Tuesday, March 11, 2008

The Deep South in the Red Centre

A day after we heard revelations that the education system is becoming racially segregation, a story comes out that an Alice Springs hostel asked patrons to leave because they were Aboriginal. Apparently, the groups were asked to leave after other guests at the backpacker lodged suggested they were "scared". Bethany Langdon, a member of the Yuendumu local community recounts the event as follows:

"The manager came out and told me that we weren't suitable to stay there," she told ABC1's Lateline program.

"They said, because you're Aboriginal, other tourists were making complaints that they were scared of us.
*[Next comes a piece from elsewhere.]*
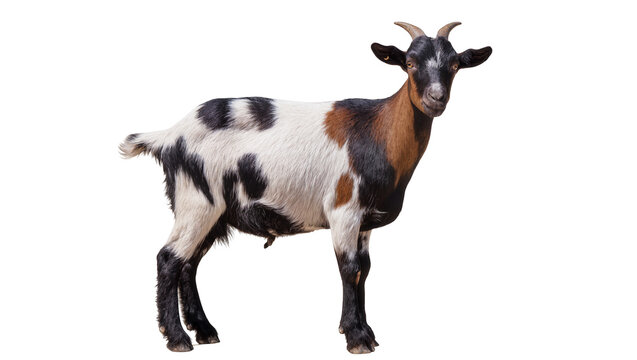 Spotted goat with horns standing on white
"I felt like I wanted to cry, because it made me feel like I wasn't an Australian."

Ms Langdon says it is her first experience of overt racism.
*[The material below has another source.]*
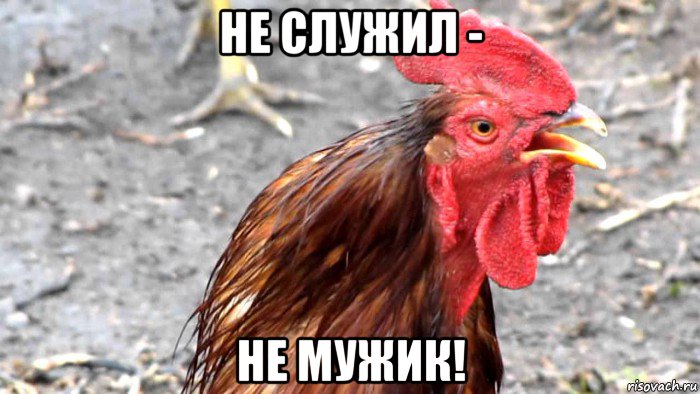 не служил - не мужик!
"It's a disgrace against Aboriginal people, especially when an Aboriginal women comes into town trying to be a role model to their community and get looked up to by elder people and younger people from their community and other communities," she said.
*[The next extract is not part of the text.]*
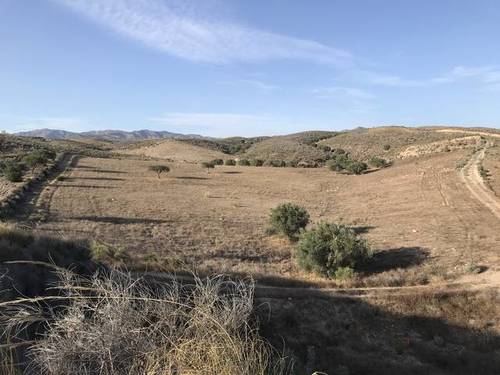 imagen 3 de Terreno para invernadero Sorbas/Lubrin KM4, Almeria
According to the Haven Resort, the group were asked to leave because the backpacker lodge catered for "international backpacking tourists which this group was not". However, just hours later, Greg Zammit the joint owner of the Haven Resort stated that the group was encouraged to stay, directly contradicting the previous statement. Something tells me that these owners aren't the most trustworthy individuals around.

I must admit that story make me feel sick to my stomach. I could hardly believe that something like that could happen in contemporary Australia. I mean it sounds like the kind of thing you would expect in Alabama in the 1950s. It would appear that the group are now assessing their legal options. To be perfectly frank, I'd be happy to see the Haven Resort taken for every cent they've got.